Confessions du Père Guy, exorciste à poitiers.
Confessions d’un exorciste
Le regard est serein, la voix apaisante. Derrière le modeste bureau de son presbytère, le père Guy feuillette les pages de sa «bible». C’est le manuel officiel, son « mode d’emploi. » Un petit livre bleu qui lui a été remis, il y a trois ans, après qu’il eut accepté, à la demande de son évêque, de devenir l’exorciste du diocèse de Poitiers. Ordonné en 1962, le prêtre exerce son ministère en toute discrétion.

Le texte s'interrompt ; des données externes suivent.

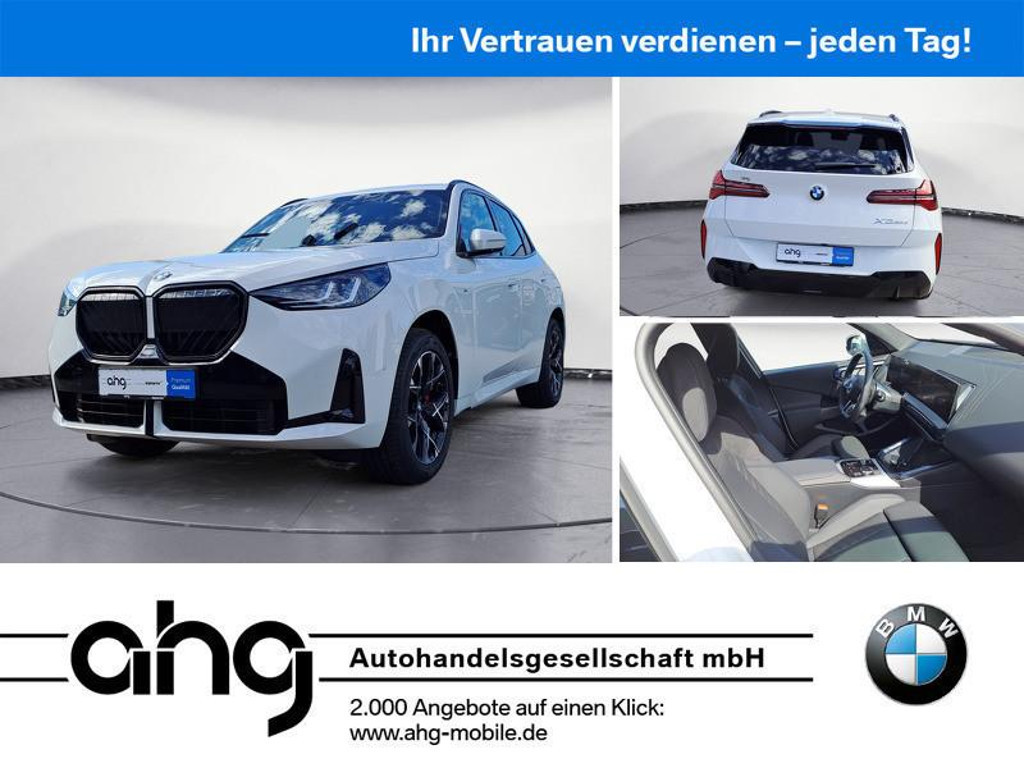 BMW X3 M-Sport xDrive20d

S’il insiste pour rester anonyme (Guy est un nom d’emprunt), c’est pour éviter d’être harcelé par les farfelus.
L’exorciste poitevin n’a rien du chasseur de démons version septième art. Ni du redresseur de sorts adepte de rituels pimentés et autres formules à l’ancienne. Aucune chance de le voir brandir le crucifix à coup de prières de délivrance et de vade retro satanas. Très réservé sur toutes ces «diableries », il cherche d’emblée à démystifier son rôle et son influence. « Je n’ai aucun pouvoir magique, ni don particulier.»
BLESSÉS DE LA VIE
Qui sont-elles, ces brebis égarées, qui viennent consulter le père Guy ? « Des hommes, mais plus souvent des femmes, de tous âges et de toutes conditions sociales. » Les citoyens ordinaires d’une société déboussolée, convaincus de trouver leur salut auprès d’un exorciste. L’homme de la dernière chance, le bon samaritain capable de conjurer le mal et de les décharger d’un fardeau devenu trop lourd à porter.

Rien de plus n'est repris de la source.